Circumstances can defer dreams. That’s the case for many young adults in North Texas.
One organization in Dallas is working to change the trajectory of young peoples’ lives one year at a time.
In high school, Marcia Lashley knew she wanted to do something. She just wasn’t sure what or how. Her father died in 2014 and she felt the weight of the pressure to succeed for her mother and brother.
She said she would often ask herself two critical questions.
“What do I want to do with my life? How am I going to provide for my family?” said Lashley.
She said there were even naysayers who doubted she had a bright future.
“And I was like ‘ok well I’ll show you because I’m going to find a way and I know that I can make it in life,’” she said.
The now 20-year-old found an option that would help her make good on that promise.
It’s called Year Up, an organization that provides free training in technology and business for young adults between the ages 18 to 24. These are people who have been overlooked, had a rough start in life, or come from low to middle-income families.
Eduvijes Perez is Director of operations and strategic planning. She said Year Up gives young people a hand up that they wouldn’t otherwise have.
“Our young adults are coming from families where they are the first to go to college. They don’t have families that are operating and working on corporate America,” said Perez. “We know that talent is equal, but opportunity is not.”
In one intense year, young adults get job training, internships, a weekly stipend and college credit.
“We have a lot of corporate partners that are coming in and we want to make sure that they are having a workforce that can span the growth that they will have here in Dallas,” said Perez.
Year Up Dallas/Fort Worth is housed at El Centro College in downtown Dallas. Nationally, Year Up has served more than 24,000 young adults since its founding in 2000. Roughly 4,700 young adults across 25 cities completed the program in 2019.
The goal is to focus on personal and professional development through the one-year intensive program.
“I thought I wasn’t going to be able to go through it because I thought ‘Oh a girl from Pleasant Grove. How can I be in the corporate environment?” said Lashley.
But she succeeded in the program, and so did 25-year-old Leemar Kelley.
“I’m not sure where I would be because before the program I was working a retail job with a future that didn’t seem too bright,” said Kelley.
With exposure to companies like Capitol One, New York Life and Amazon, Kelley’s trajectory changed.

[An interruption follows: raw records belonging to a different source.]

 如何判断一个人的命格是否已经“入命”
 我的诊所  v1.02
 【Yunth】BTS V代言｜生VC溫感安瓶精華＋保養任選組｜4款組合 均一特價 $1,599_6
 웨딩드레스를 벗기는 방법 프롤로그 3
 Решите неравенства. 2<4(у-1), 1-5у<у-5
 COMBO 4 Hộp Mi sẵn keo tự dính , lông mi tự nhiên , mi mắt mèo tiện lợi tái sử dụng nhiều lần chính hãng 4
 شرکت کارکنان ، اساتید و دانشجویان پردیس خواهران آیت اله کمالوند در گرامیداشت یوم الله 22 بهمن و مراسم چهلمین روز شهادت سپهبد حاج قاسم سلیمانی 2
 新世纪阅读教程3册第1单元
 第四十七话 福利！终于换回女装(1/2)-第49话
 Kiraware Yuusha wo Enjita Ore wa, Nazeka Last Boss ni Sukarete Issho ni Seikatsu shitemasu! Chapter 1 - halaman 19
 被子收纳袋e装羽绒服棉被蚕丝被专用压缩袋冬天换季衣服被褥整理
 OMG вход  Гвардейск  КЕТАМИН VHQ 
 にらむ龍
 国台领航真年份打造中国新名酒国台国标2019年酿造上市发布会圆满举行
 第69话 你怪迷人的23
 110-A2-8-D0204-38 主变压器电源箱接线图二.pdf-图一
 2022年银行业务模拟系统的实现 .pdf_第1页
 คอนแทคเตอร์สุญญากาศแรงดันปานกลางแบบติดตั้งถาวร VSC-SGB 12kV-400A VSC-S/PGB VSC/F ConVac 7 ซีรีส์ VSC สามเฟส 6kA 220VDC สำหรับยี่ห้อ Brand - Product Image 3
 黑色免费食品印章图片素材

He’s now a full-time college student at UNT.
“I’m surrounded by people who are wanting to do better for themselves, wanting to help everyone around them,” he said.
Ultimately, it’s about changing lives and communities.
“What I would love for our young adults to walk away with is the power of their voice and their talent,” said Perez.
“It’s going to be great. From here on out it’s going to be just great,” she said.